Research in my laboratory focuses on understanding the respiratory adaptations of animals, primarily insects. During their 400 million year evolutionary journey, the insects have become the most abundant and diverse of all animals, among the first to invade the land and the first to evolve flight. Much of their success can be attributed to a highly efficient respiratory system, capable of functioning in environments where oxygen is scarce (e.g., underwater and in decomposing material) and when extreme demands are placed on oxygen supply (e.g., during flight). I am particularly interested in those insect groups that have re-adopted an aquatic lifestyle, evolving various gas-exchange strategies. These range from snorkels and siphons through to compressible and incompressible gas gills (air bubbles) and tracheal gills (elaborations of the cuticle). During their development many insects transition from the aquatic to the terrestrial environment, so the respiratory adaptations associated with breathing water and air can be studied within a single species. The goal of my current NSERC research program is to investigate the respiratory and acid-base challenges associated with the water-to-air transitions displayed by dragonflies, damselflies, mayflies and stoneflies.

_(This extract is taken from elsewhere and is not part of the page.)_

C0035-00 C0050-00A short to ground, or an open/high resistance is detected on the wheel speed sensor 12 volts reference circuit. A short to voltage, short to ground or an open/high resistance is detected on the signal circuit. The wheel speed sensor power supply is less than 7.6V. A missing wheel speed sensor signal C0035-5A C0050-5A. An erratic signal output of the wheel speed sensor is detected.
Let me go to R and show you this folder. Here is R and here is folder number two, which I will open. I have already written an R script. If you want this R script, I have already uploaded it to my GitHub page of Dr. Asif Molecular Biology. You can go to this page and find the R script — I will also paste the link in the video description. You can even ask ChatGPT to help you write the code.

I am also interested in understanding why some insects breathe episodically while at rest, holding their breath for minutes to hours between brief bouts of gas exchange. These so-called discontinuous gas-exchange cycles appear to have evolved independently within at least 5 insect orders. However, the advantages associated with adopting this breathing pattern, and the neurological processes that underlie its production, remain the subject of lively debate. My previous research explored the gas-exchange strategies of terrestrial organisms, both animal and plant, that have secondarily invaded the freshwater aquatic environment. This included determining how sacred lotus use their leaves to pump pressurised air down to their roots growing in anoxic mud, and how bubbles of air carried by diving aquatic hemipterans (bugs) act as temporary ‘gas gills’ and buoyancy control devices.

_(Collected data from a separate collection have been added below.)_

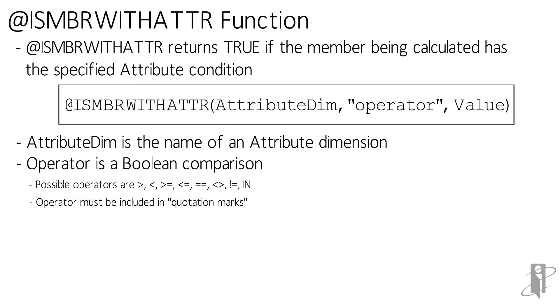In is an odd one. It's used for attribute dimensions that have hierarchy, and it essentially returns the members matching the attributes beneath that member. So population in medium would return members matching anything in the medium population ranges. I have an example of this in my video for the withATTR function.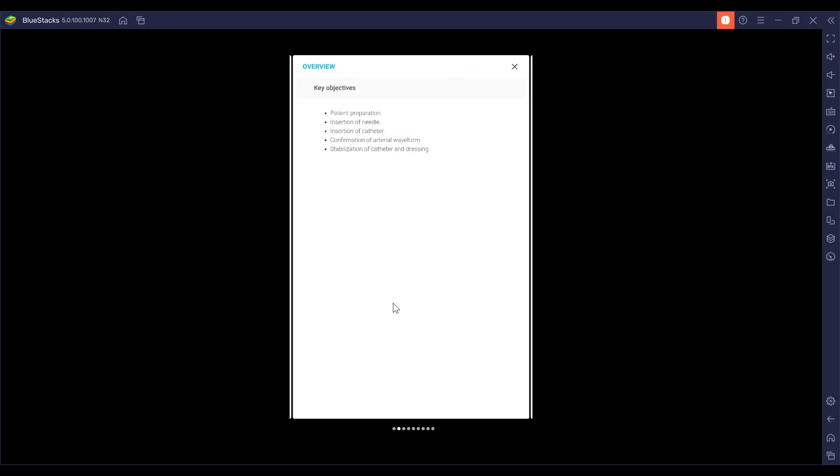The key objectives are patient preparation, the insertion of the needle, insertion of the catheter, confirmation of arterial waveform, and stabilization of the catheter and dressing.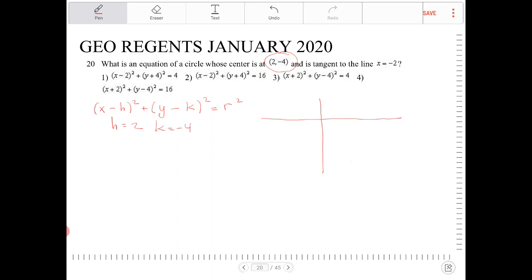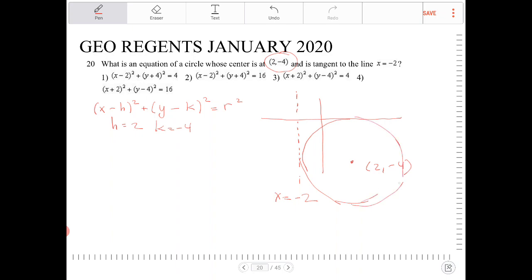So 2 comma negative 4 is going to be right here — ballpark. And x equals negative 2 is the line the circle is tangent to. The distance from the center point to that tangent line is our radius. The shortest distance is the radius, because the radius at the point of tangency is supposed to form a 90-degree angle.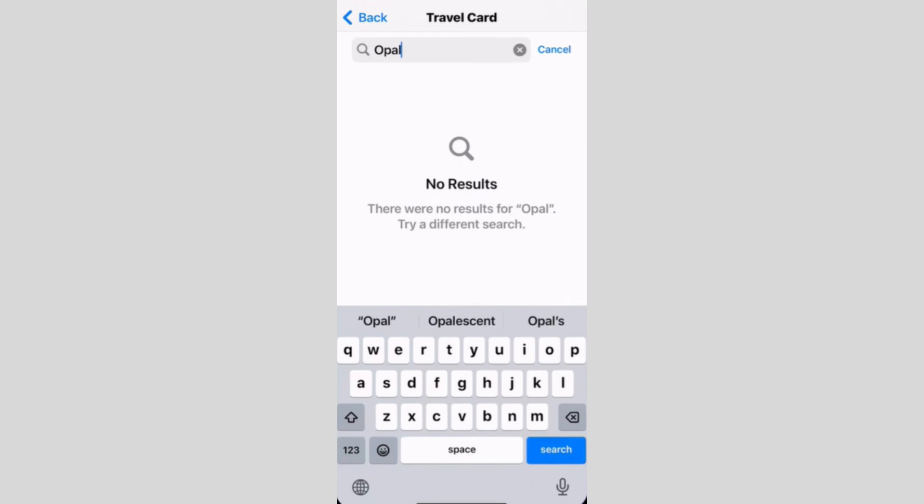If you don't see the option, it might not be available in your region yet. But if you do, follow the prompts to scan your card and add it to your Apple Wallet.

My lab uses a wide range of research techniques, with an emphasis on in vivo measurements. To this end I use implantable fibre-optic sensors to measure oxygen levels directly within the insect tracheal system and pH levels within the insect’s haemolymph. These measurements are combined with flow-through respirometry systems to simultaneously record rates of oxygen consumption and carbon dioxide production. Video tracking and motion detectors record ventilatory movements and activity.